[Captioned web images]
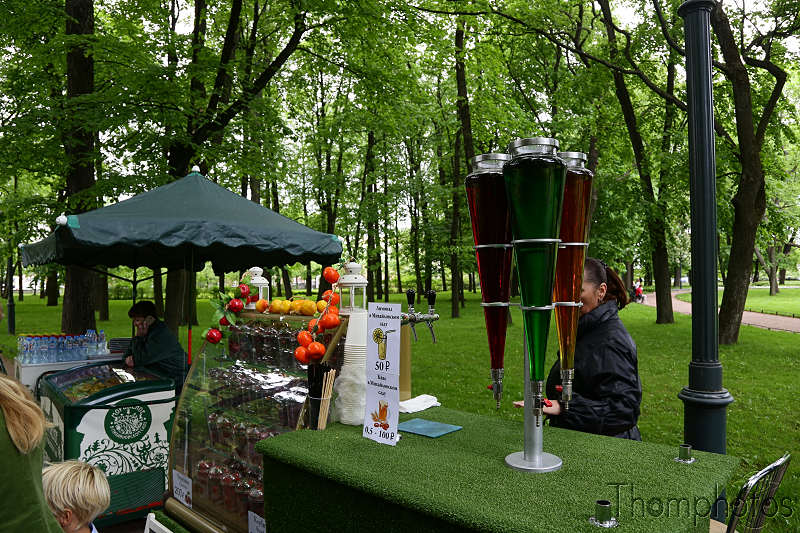 reportage photo 2018 russie saint petersbourg petrograd parc mikhaïlovski park sirops maison hand made syrup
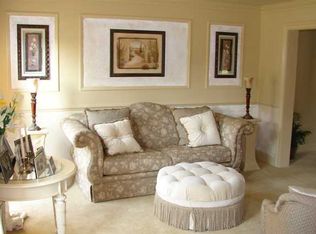 2156 Fox Chase, Hamburg, NY 14085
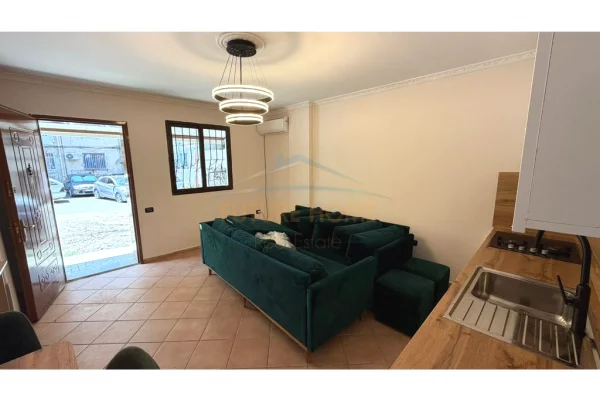 Shtepi ne shitje Apartament ne Tirane, 1+1, Mobilimi E mobiluar, Pagesa 108,000  Euro.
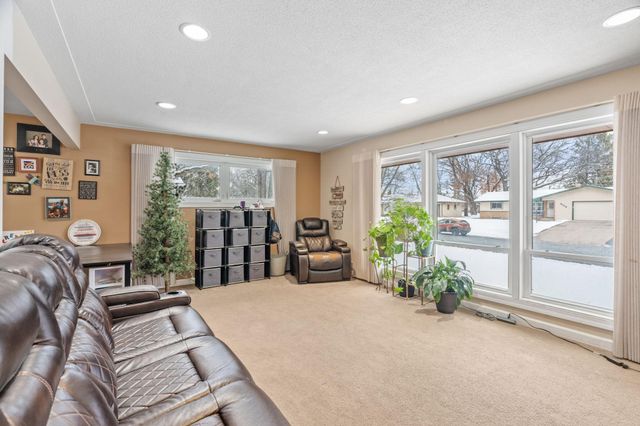 6996 Hickory Drive NE, Fridley, MN 55432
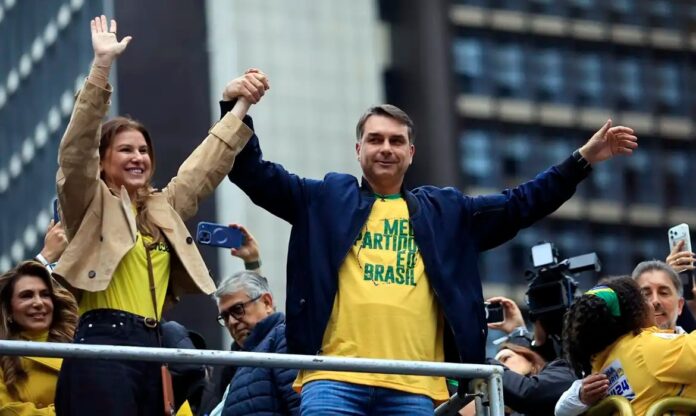 em-ato-de-campanha,-flavio-diz-que-bolsonaro-colocara-a-faixa-na-posse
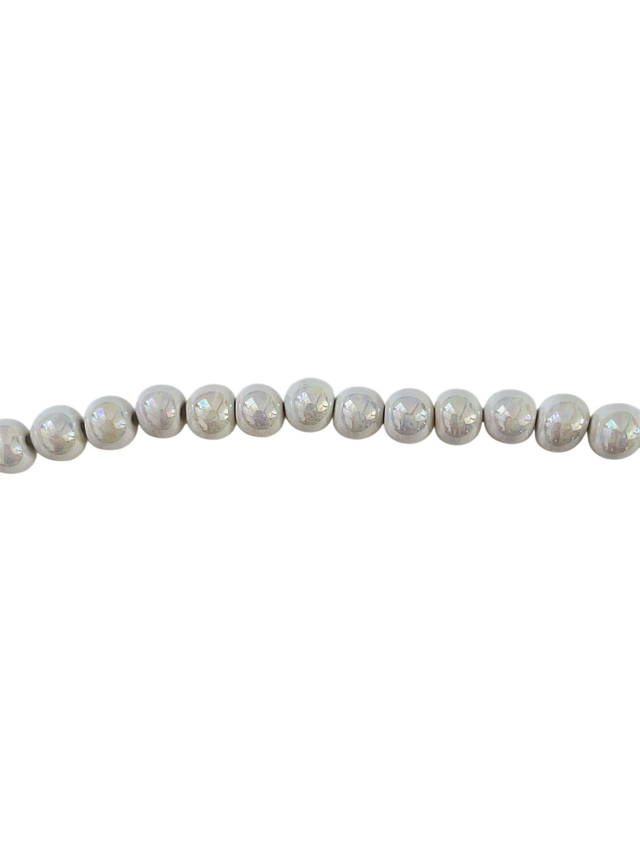 Perles en faïence blanches nacrée sur fil, semi-rondes 0,7 mm x 50 pc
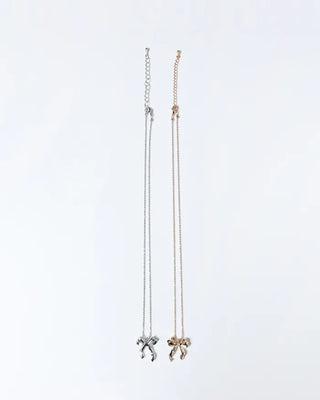 Ribbon pendant necklace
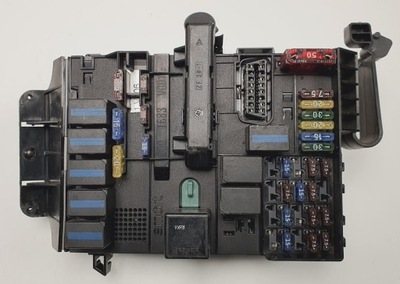 Коробка запобіжників smart fortwo 450 0.6 t фото №1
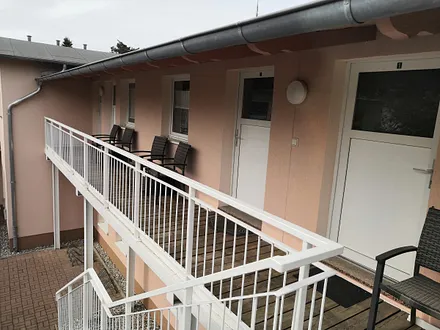 Aussentreppe mit Sitzgelegenheit 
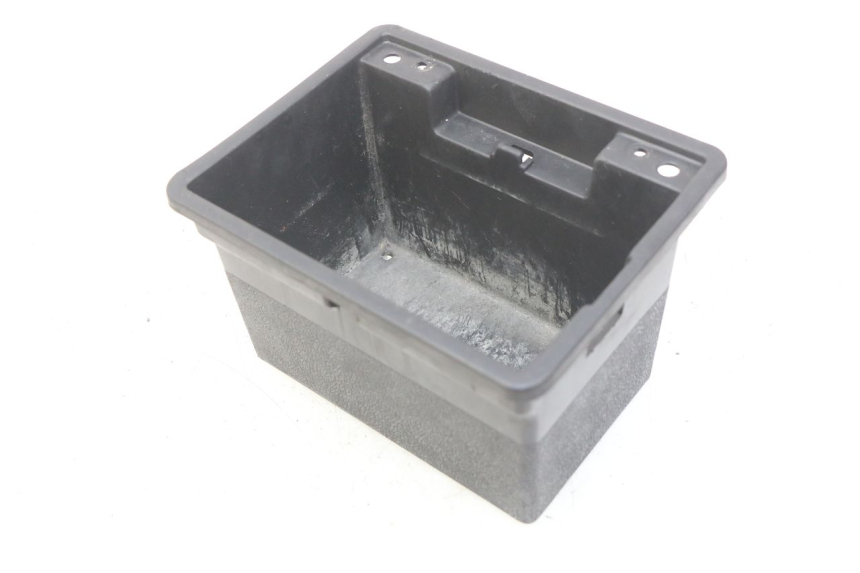 photo de TAMPA DA BATERIA ORCAL KITE 4T 50 (2019 - 2023) - Zoom do estado de desgaste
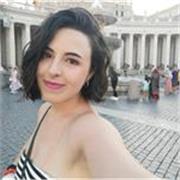 Apasionada estudiante del tercero de Derecho se ofrece a dar clases de inglés. (Certificación oficial Universidad de Cambrigde)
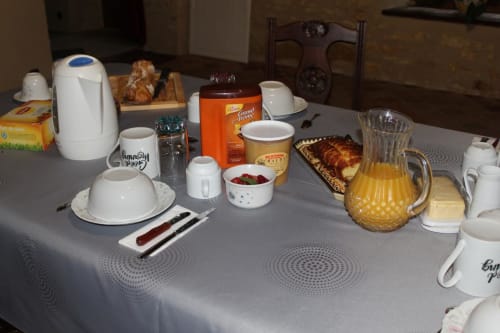 Petit-déjeuner. Domaine de la Touche. Chambres d'hôtes. Table d'hôtes. Mosnay. Indre.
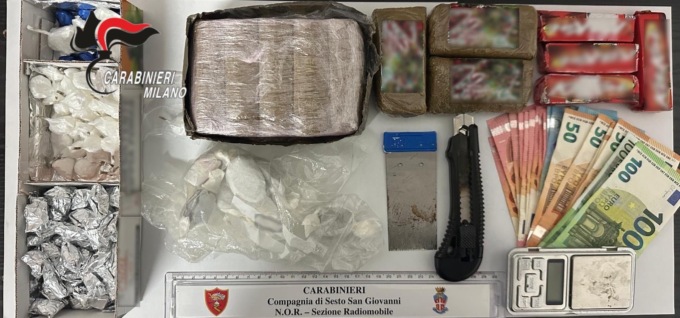 Aveva oltre un chilogrammo di droga in casa: arrestato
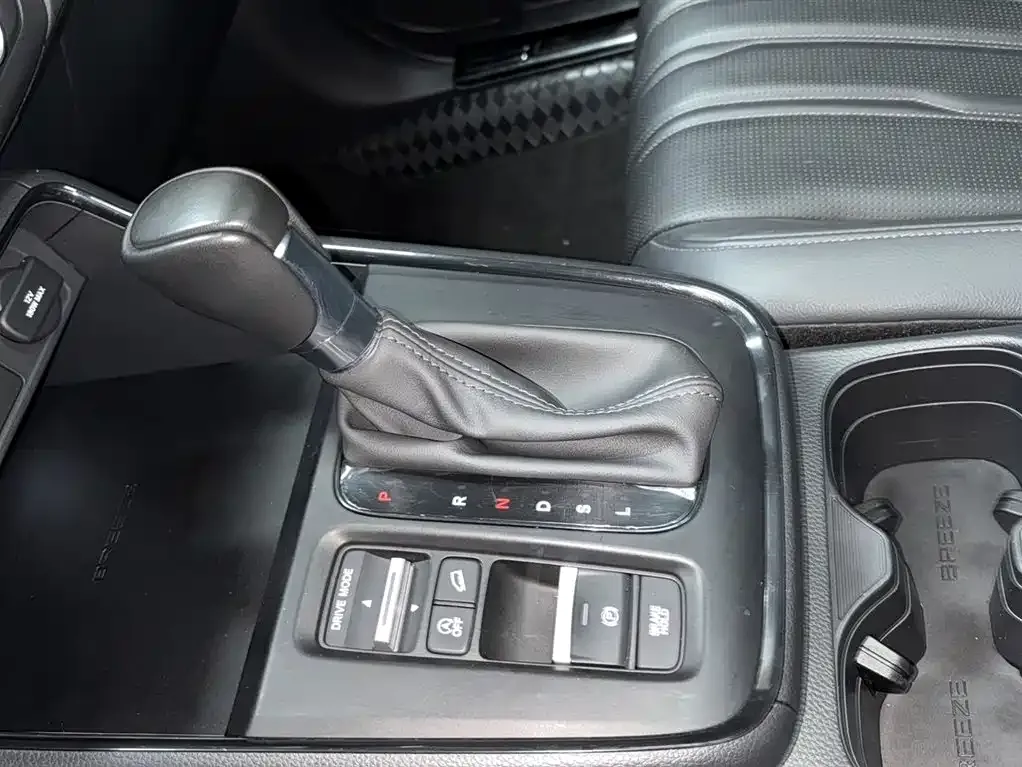 Honda Breeze 2023 из CN, фото 10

#### The problem:
The expected result is the data above in exact form, free of pictures.

#### Answer box:
 reportage photo 2018 russie saint petersbourg petrograd parc mikhaïlovski park sirops maison hand made syrup
 2156 Fox Chase, Hamburg, NY 14085
 Shtepi ne shitje Apartament ne Tirane, 1+1, Mobilimi E mobiluar, Pagesa 108,000  Euro.
 6996 Hickory Drive NE, Fridley, MN 55432
 em-ato-de-campanha,-flavio-diz-que-bolsonaro-colocara-a-faixa-na-posse
 Perles en faïence blanches nacrée sur fil, semi-rondes 0,7 mm x 50 pc
 Ribbon pendant necklace
 Коробка запобіжників smart fortwo 450 0.6 t фото №1
 Aussentreppe mit Sitzgelegenheit 
 photo de TAMPA DA BATERIA ORCAL KITE 4T 50 (2019 - 2023) - Zoom do estado de desgaste
 Apasionada estudiante del tercero de Derecho se ofrece a dar clases de inglés. (Certificación oficial Universidad de Cambrigde)
 Petit-déjeuner. Domaine de la Touche. Chambres d'hôtes. Table d'hôtes. Mosnay. Indre.
 Aveva oltre un chilogrammo di droga in casa: arrestato
 Honda Breeze 2023 из CN, фото 10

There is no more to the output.